Quem está no poder se apega a ele como um cão faminto ao osso. Não há o exaltado dever de servir ao povo, preocupação com o bem-comum. Beneficia-se de ter a máquina a sua disposição e faz uso dela sem o menor pudor. Direitos básicos dos cidadãos são manipulados e apresentados com um " favor ", um ato de generosidade do governante cujo pagamento é, obviamente, o voto.
Além de ser o principal empregador, manobrando a legislação para evitar o concurso público até onde é possível, também amealha apoios por meio das compras no comércio local. Comerciante fornecedor da prefeitura apoia seu candidato, mesmo que tenha que brigar para receber o dinheiro que a prefeitura lhe deve.

Servidores públicos que eram os maiores opositores do prefeito, revelando detalhadamente os desmandos da administração pública local e toda a incompetência do titular, de repente andam abraçados com ele, visitam os mais distantes e inóspitos recantos da área rural do município, fazendo trabalho de convencimento de eleitores.Muitos sacrificam as férias, a licença-maternidade, a licença-prêmio para apoiar sua reeleição ou o candidato que vai "substituí-lo". Geralmente, fazem isso é mesmo durante o horário de trabalho, com desfaçatez ,na maior cara-dura. Professores exaustos pela rotina de trabalho, mal pagos e insatisfeitos, lá se vão, sacrificando seu descanso semanal constitucional em defesa do "seu" candidato.
Mas o que é mais surpreendente e digno de uma tese de mestrado é o estremecimento das relações humanas, antes cordiais e serenas, como é típico de um ambiente rural.

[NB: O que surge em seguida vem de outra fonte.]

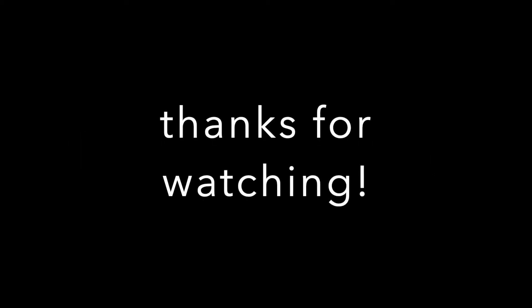Thank you so much for joining me. If you enjoyed this type of video, don't forget to give me a like, subscribe, leave me a comment down below, and I'll see you next time. Thank you so much.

Tamanha paixão se adquire por um ou outro lado, há um acirramento dos ânimos que vai muito além da paixão política: antigas amizades ficam estremecidas, parentes se desconhecem, vizinho se provocam. Se o pais e filhos apoiarem candidatos diferentes, haverá provocação de parte a parte, comprometendo a harmonia doméstica. Expressões carregadas de ressentimento e mágoa agridem aquele que ousar apoiar o candidato do outro lado, onde antes havia um sorriso generoso. Evita-se visitar parentes ou mesmo levantar o olhar , estabelecer contato visual com o adversário. Bater papo já é visto como uma capitulação, uma fraqueza, pois deixa margem para que o outro aborde o assunto "política " e assim argumente em favor do candidato dele. Ou seja, é a democracia ao contrário, onde o debate político fica travado. E, candidatos sem plataforma política, são escolhidos por "afinidades". É a Democracia como prova de amizade.